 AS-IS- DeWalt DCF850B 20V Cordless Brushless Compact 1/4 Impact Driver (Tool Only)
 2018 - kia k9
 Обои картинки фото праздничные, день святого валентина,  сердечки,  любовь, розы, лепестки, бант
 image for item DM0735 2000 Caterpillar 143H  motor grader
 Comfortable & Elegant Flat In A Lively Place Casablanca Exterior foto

──────────────────────────────

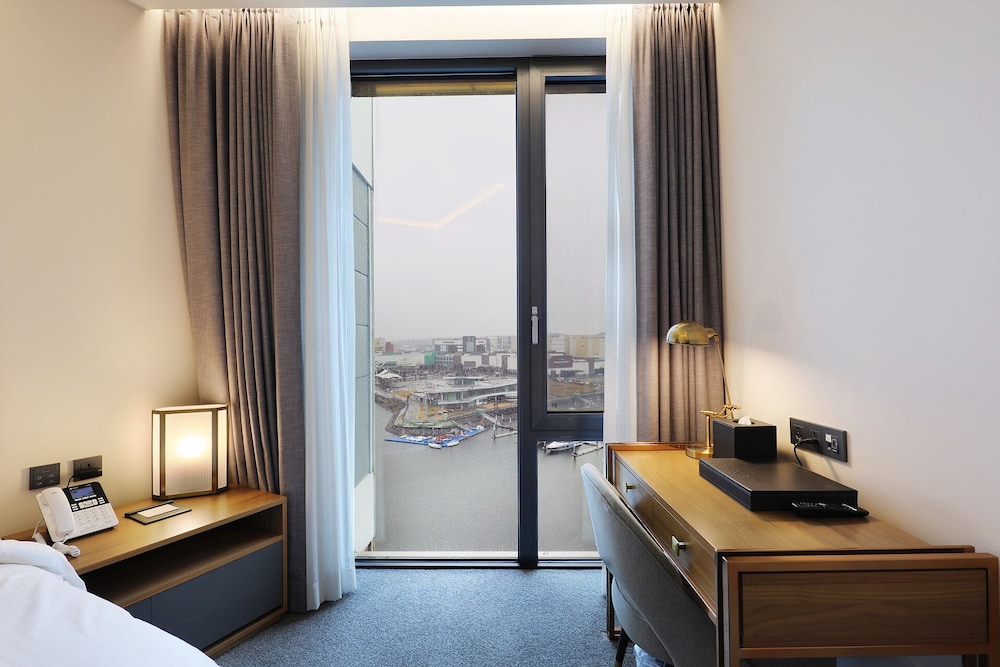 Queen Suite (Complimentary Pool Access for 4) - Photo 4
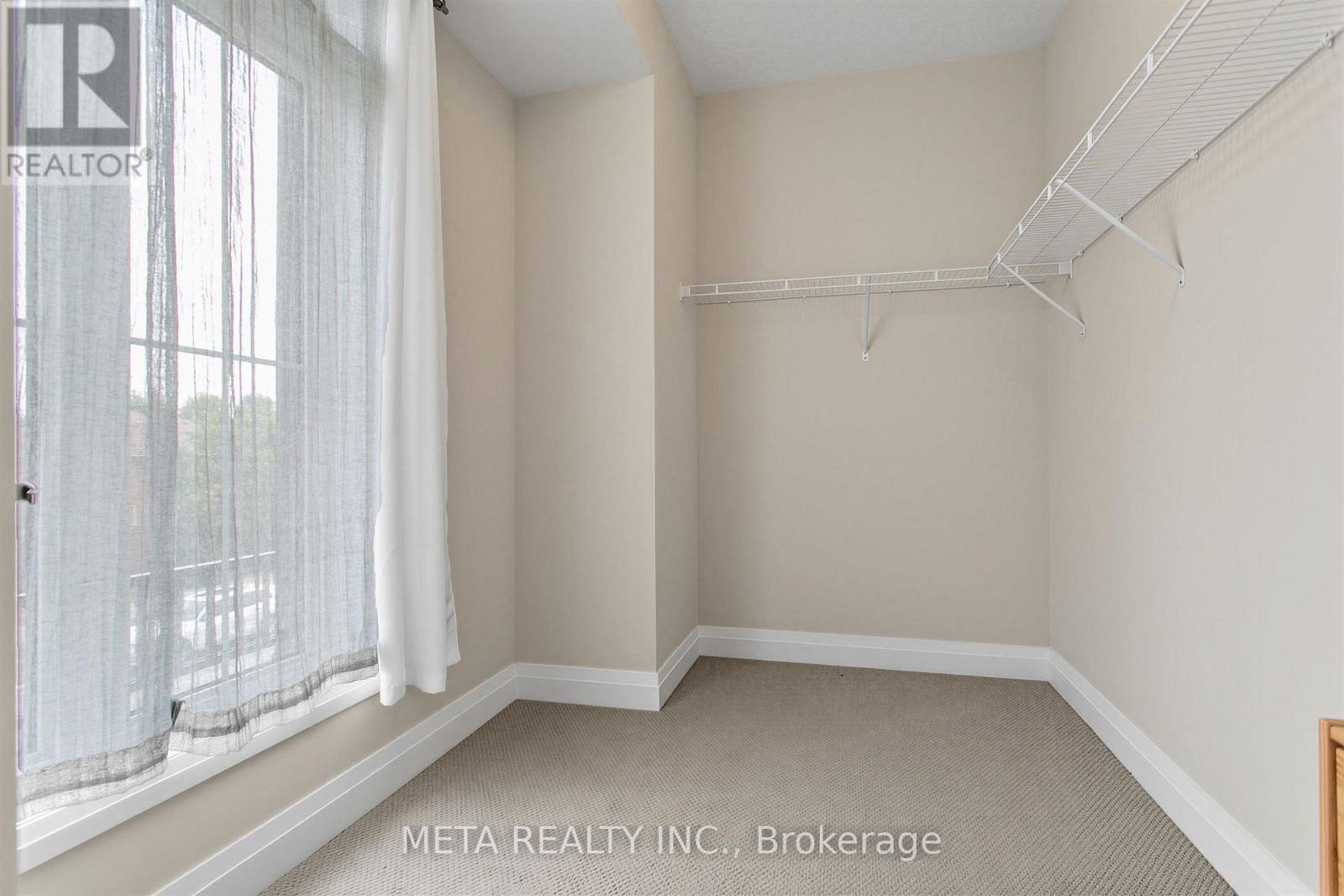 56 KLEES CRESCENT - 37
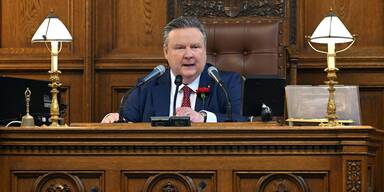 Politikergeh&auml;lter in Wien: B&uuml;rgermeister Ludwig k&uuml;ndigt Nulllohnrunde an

──────────────────────────────

_WHAT TO DO_
Nothing except the lines from the one containing "Queen Suite (Complimentary" through the one containing "Politikergeh&auml;lter in Wien: B&uuml;rgermeister" should appear in the answer, exactly as above and without pictures.

_OUTPUT BELOW_
 Queen Suite (Complimentary Pool Access for 4) - Photo 4
 56 KLEES CRESCENT - 37
 Politikergeh&auml;lter in Wien: B&uuml;rgermeister Ludwig k&uuml;ndigt Nulllohnrunde an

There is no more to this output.